3 If you’re lining up an MCB with retailers to coincide with your OI, try to leverage that big promotional push to get a secondary or tertiary display in-store, promotional signage, or get moved to a better (more visible) spot on-shelf. The point of a promotion is movement at every level: the distributor buys more product, retailers buy more product or try your product for the first time, and consumers take a chance on your discounted item. It takes a coordinated effort to pass a discount down through the food chain. The key is to communicate with all partners and make sure it’s executed properly at each point: from retail buyers knowing the deal is coming, to having proper signage on shelf letting customers know your product is on sale. That will hopefully prevent distributors and retailers from having a surplus of product that takes a while to sell-through, leaving you without new POs for many moons.
4 With many distributors, you can push back and revise POs if you’re concerned with the amount they’re ordering. This can be a way to avoid bridge buys.

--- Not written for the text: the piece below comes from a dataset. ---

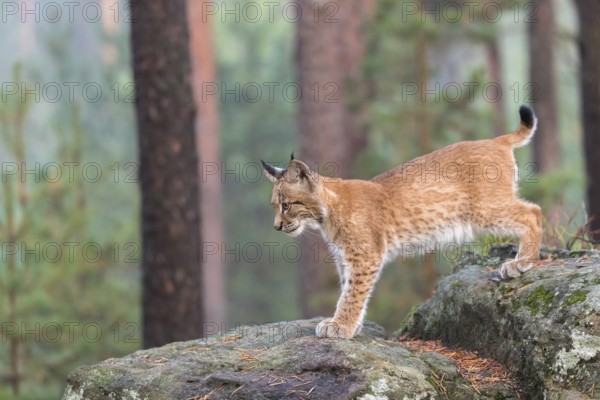 One young Eurasian lynx, (Lynx lynx), walking over a rock in a forest. Early morning light at sunrise. Trees in the background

Avoiding Free-Fills Because MCBs are between a retailer and a distributor, you as a brand are not involved. You may be “encouraged” to offer up free-fills3 to open up accounts. If you can, avoid free-fills. Unfortunately, they’re not always avoidable, especially if a larger chain demands them. Just be aware that you will be charged back the “listing price” to retailers for your product, not your wholesale price to distributors. So know your list price, and don’t authorize blanket freefills.
Managing Case Size Velocity will be measured at the store level by units sold, but distributors (and retailers) will often measure success by cases sold. If your master case has twelve retail case packs in it, and your retail case packs each have 24 units, then it may take a longer time to get a reorder than if each master case had two retail cases and each retail case had twelve units. If possible, it’s better to have a smaller master-case pack size and/or retail case pack size. It helps with both velocity and perceived velocity.
DSD (DIRECT STORE DELIVERED) DISTRIBUTION
DSDs are local or regional distributors that service smaller accounts and sometimes larger chains as well. There is a lot of variance in DSDs, who they service, how they work, and what kind of margins they take. Offering Incentive to Move Product It’s been my experience that managing through the distribution reps and offering good incentives (usually a SPIF4) can help move product. DSD reps often have 100+ brands they’re working with, so you’ll need to communicate effectively and make it worth their while to sell you in and keep the reorders coming.
Beware DSD Contracts Pay attention to what you sign. A lot of times a DSD will try to lock in the exclusive rights to distribute your brand and charge you a large fee to break that contract. It’s important to make sure they’re the right fit, and if you have other distribution already in place, carve that out and make sure they can’t claim it (unless you want to hand that business over).
CONCLUSION
Supplying to a distributor comes with opportunities, but many risks. Knowing what to watch out for and how to best make use of your partnership can make or break your distribution strategy. I hope this article will help you navigate challenges as you expand your distribution footprint.